| PROBLEM TO WORK ON |
What are the lines, word for word, from the line with "Рычаг задний продольный Toyota Hiace" up to and including the line with "Herradura Hotel Suites เนวเก็น ภายนอก รูปภาพ" in the records below? Omit the pictures.

| DATASET ENTRIES |
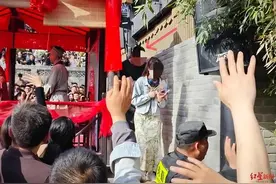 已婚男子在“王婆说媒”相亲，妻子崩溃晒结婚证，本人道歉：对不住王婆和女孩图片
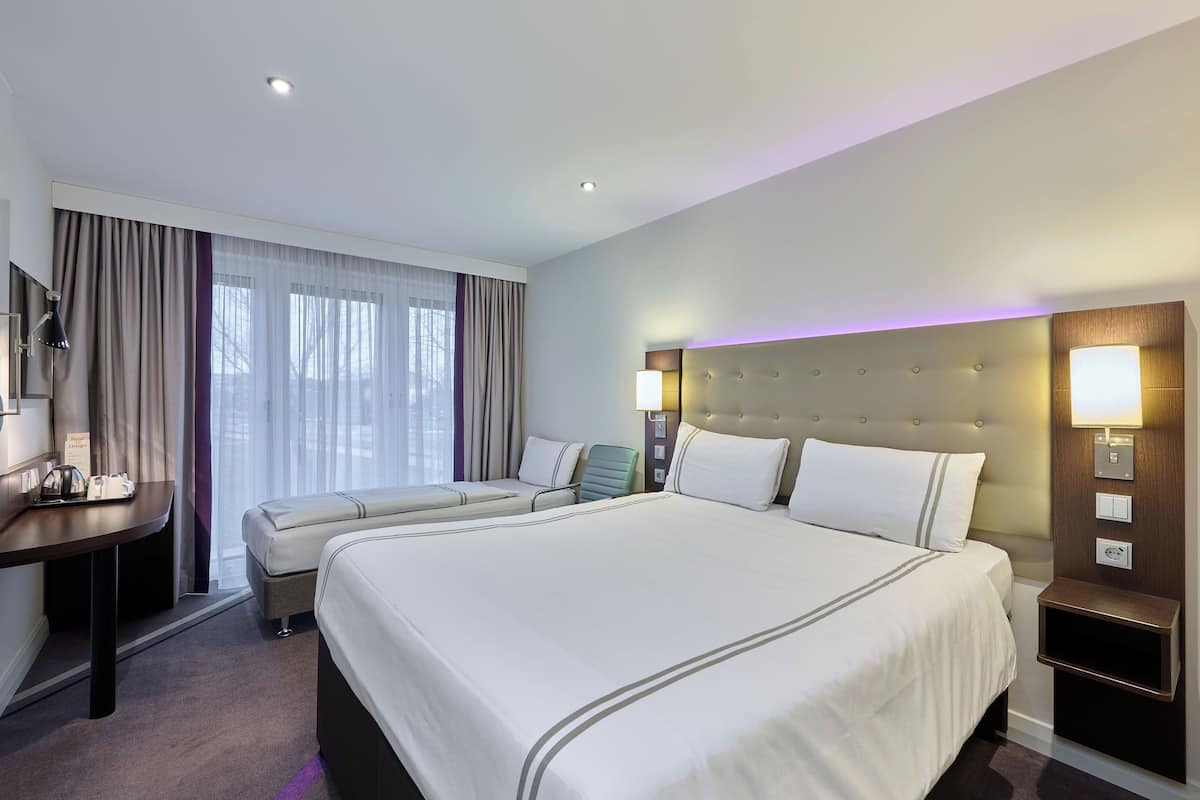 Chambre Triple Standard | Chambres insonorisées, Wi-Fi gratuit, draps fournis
--
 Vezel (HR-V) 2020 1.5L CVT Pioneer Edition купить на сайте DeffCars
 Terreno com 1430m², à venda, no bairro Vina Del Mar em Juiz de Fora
==
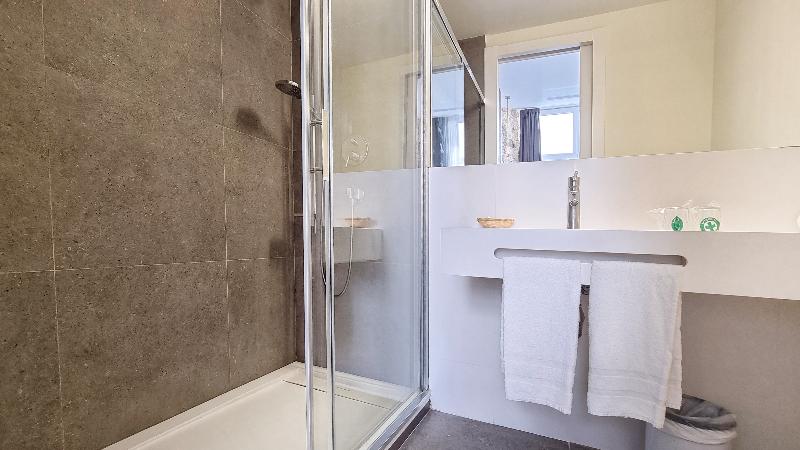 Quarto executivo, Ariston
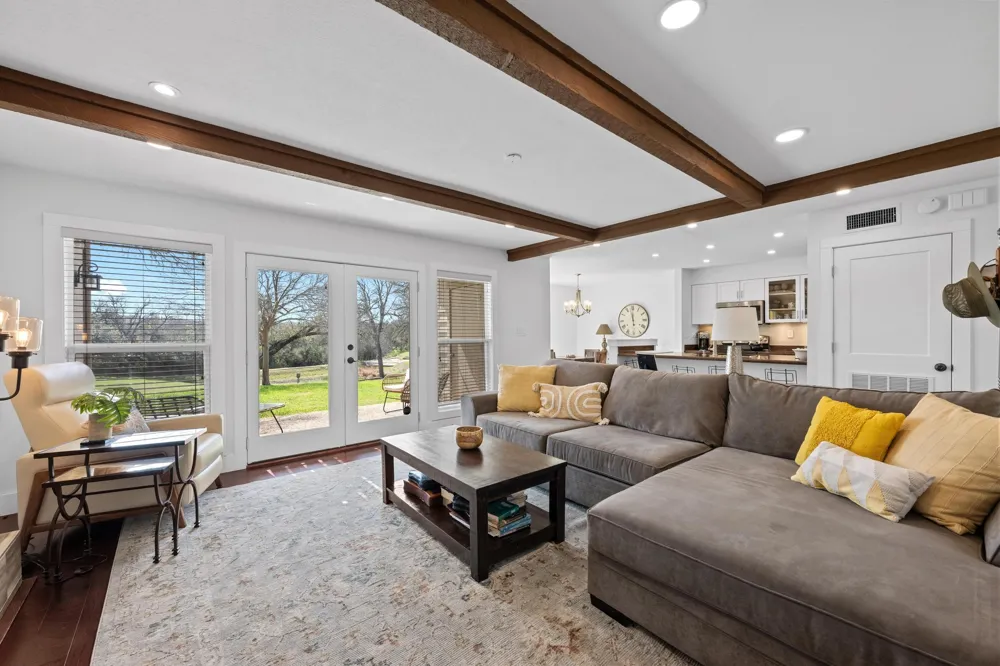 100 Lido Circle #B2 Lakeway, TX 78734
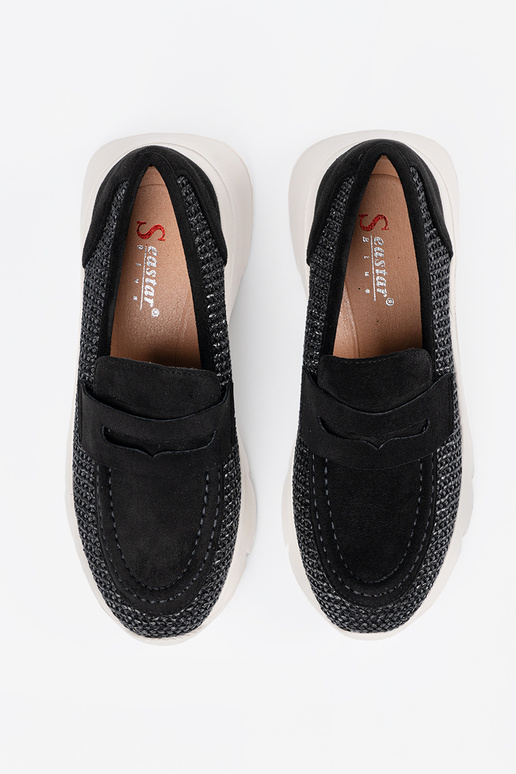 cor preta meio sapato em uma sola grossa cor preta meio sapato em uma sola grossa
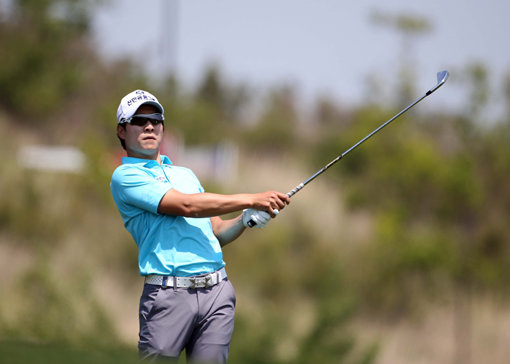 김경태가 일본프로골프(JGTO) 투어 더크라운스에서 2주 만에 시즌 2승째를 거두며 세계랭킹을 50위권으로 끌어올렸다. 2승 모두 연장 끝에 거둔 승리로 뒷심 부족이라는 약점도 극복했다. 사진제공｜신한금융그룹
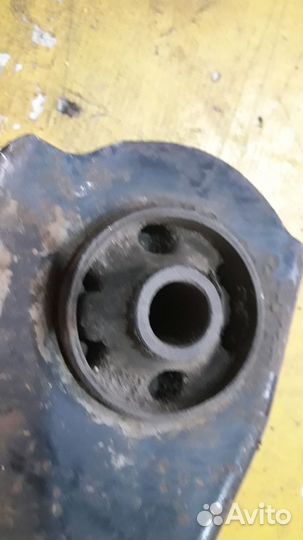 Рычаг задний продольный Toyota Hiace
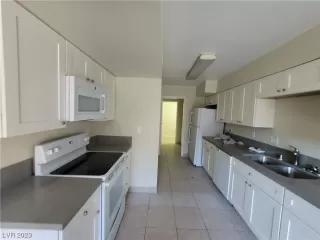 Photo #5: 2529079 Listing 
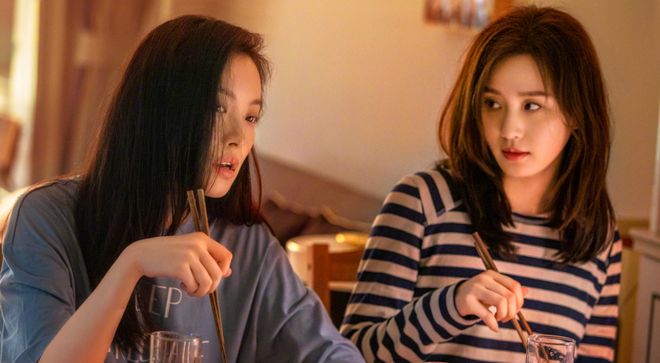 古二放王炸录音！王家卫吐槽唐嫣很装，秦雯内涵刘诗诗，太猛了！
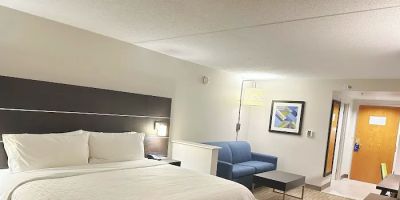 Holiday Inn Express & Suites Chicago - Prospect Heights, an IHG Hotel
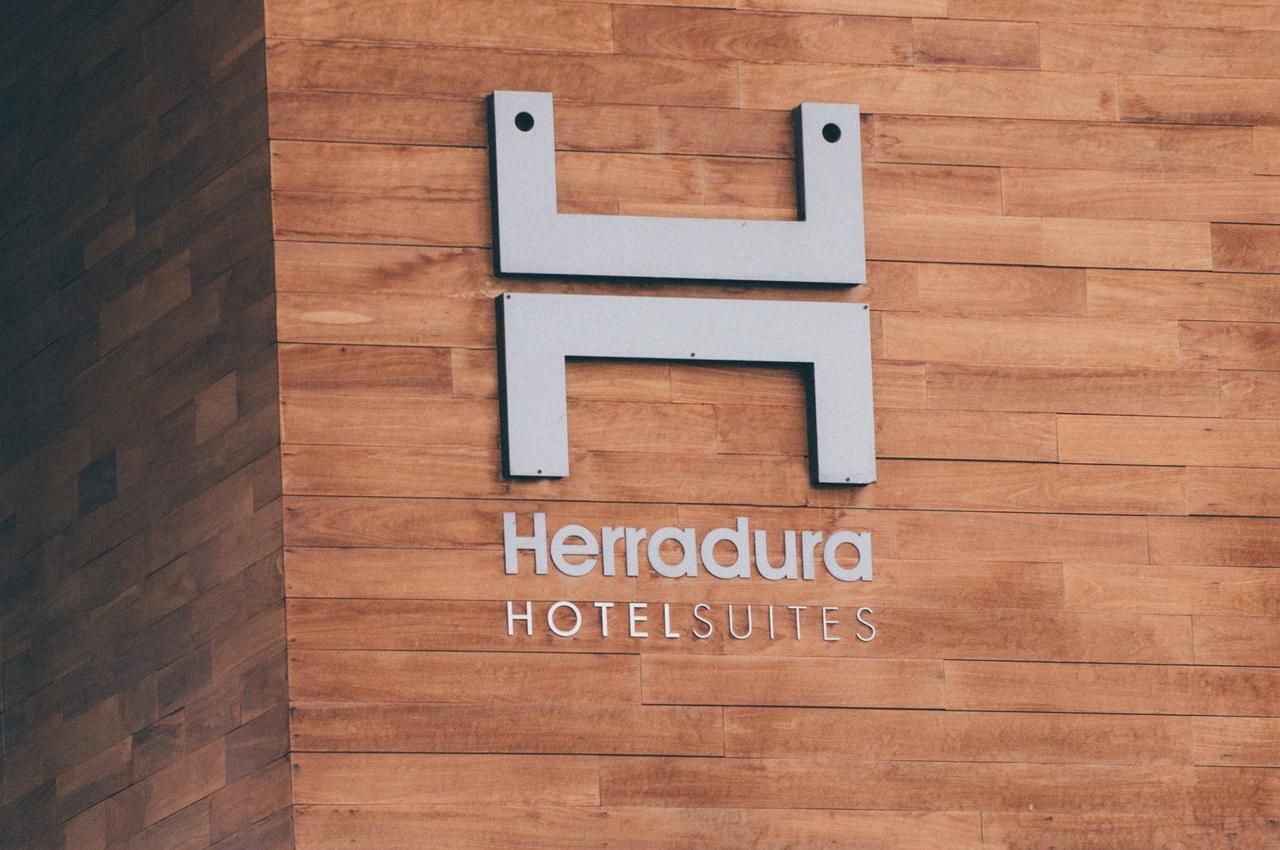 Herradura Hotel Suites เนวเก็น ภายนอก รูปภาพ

| RESPONSE |
 Рычаг задний продольный Toyota Hiace
 Photo #5: 2529079 Listing 
 古二放王炸录音！王家卫吐槽唐嫣很装，秦雯内涵刘诗诗，太猛了！
 Holiday Inn Express & Suites Chicago - Prospect Heights, an IHG Hotel
 Herradura Hotel Suites เนวเก็น ภายนอก รูปภาพ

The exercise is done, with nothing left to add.